Organisasi Kesehatan Dunia (WHO) resmi mendaftarkan vaksin nOPV2 milik PT Bio Farma (Persero) sebagai penggunaan darurat dalam mengatasi kasus polio di dunia.
Ini pertama kalinya WHO memasukkan vaksin dalam daftar penggunaan darurat atau the emergency use listing (EUL). Hal ini juga membuka kemungkinan WHO memasukkan vaksin virus corona dalam EUL.
Mengutip laman resmi WHO, Senin (16/11), telah terjadi peningkatan wabah polio di sejumlah negara, khususnya di Afrika, Mediterania Timur, wilayah Pasifik Barat dan Asia Tenggara.
"Dunia telah membuat kemajuan luar biasa untuk memberantas polio. Kasus polio tercatat berkurang hingga 99,9 persen dalam 30 tahun terakhir," demikian pernyataan WHO.
WHO menambahkan, bahwa prosedur EUL akan menilai kesesuaian produk kesehatan yang belum memiliki lisensi selama keadaan darurat kesehatan masyarakat, seperti polio dan covid-19. Hal ini agar obat-obatan dan vaksin dapat tersedia lebih cepat untuk mengatasi keadaan darurat.
"Penilaian tersebut pada dasarnya mempertimbangkan ancaman yang ditimbulkan oleh keadaan darurat terhadap manfaat yang akan diperoleh dari penggunaan produk berdasarkan bukti yang kuat," imbuhnya.
Prosedur ini diperkenalkan pertama kali saat wabah ebola di Afrika Barat pada 2014-2016 lalu. Prosedur ini melibatkan penilaian yang ketat terhadap data uji klinis fase II dan III, serta data tambahan yang substansial tentang keamanan, kemanjuran, dan kualitas produksi.
Data tersebut nantinya ditinjau oleh ahli independen yang mempertimbangkan bukti terkini tentang vaksin yang sedang dipertimbangkan, rencana pemantauan penggunaannya, dan rencana studi lebih lanjut. Kemudian, para ahli dari otoritas nasional individu juga diundang untuk berpartisipasi dalam tinjauan EUL.

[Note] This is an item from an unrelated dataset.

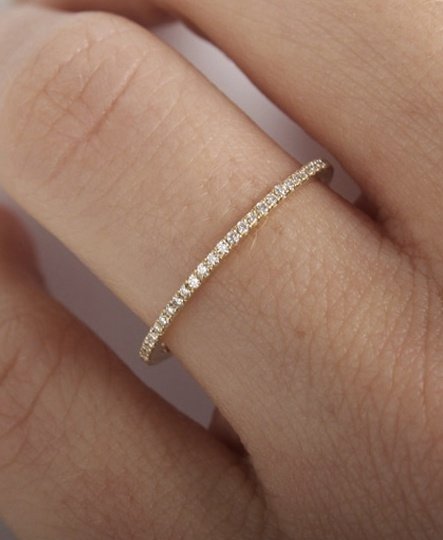 Tiny Diamond Ring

Setelah vaksin terdaftar untuk penggunaan darurat WHO. Lembaga itu nantinya akan melibatkan jaringan regional dan mitranya untuk menyadarkan otoritas kesehatan nasional tentang manfaat vaksin tersebut.
"Prakualifikasi WHO akan menilai data klinis tambahan yang dihasilkan dari uji coba dan penerapan vaksin secara bergiliran. Hal ini dilakukan untuk memastikan vaksin itu memenuhi standar kualitas, keamanan, dan kemanjuran," tutur WHO.
Selain memutuskan apakah akan menggunakan vaksin tersebut, kata WHO, setiap negara perlu menyelesaikan proses kesiapan untuk menerapkan vaksin berdasarkan EUL.
"Produsen vaksin juga harus berkomitmen untuk menghasilkan data untuk mendapatkan lisensi penuh dan prakualifikasi vaksin dari WHO," pungkas WHO. (der/zul/fin)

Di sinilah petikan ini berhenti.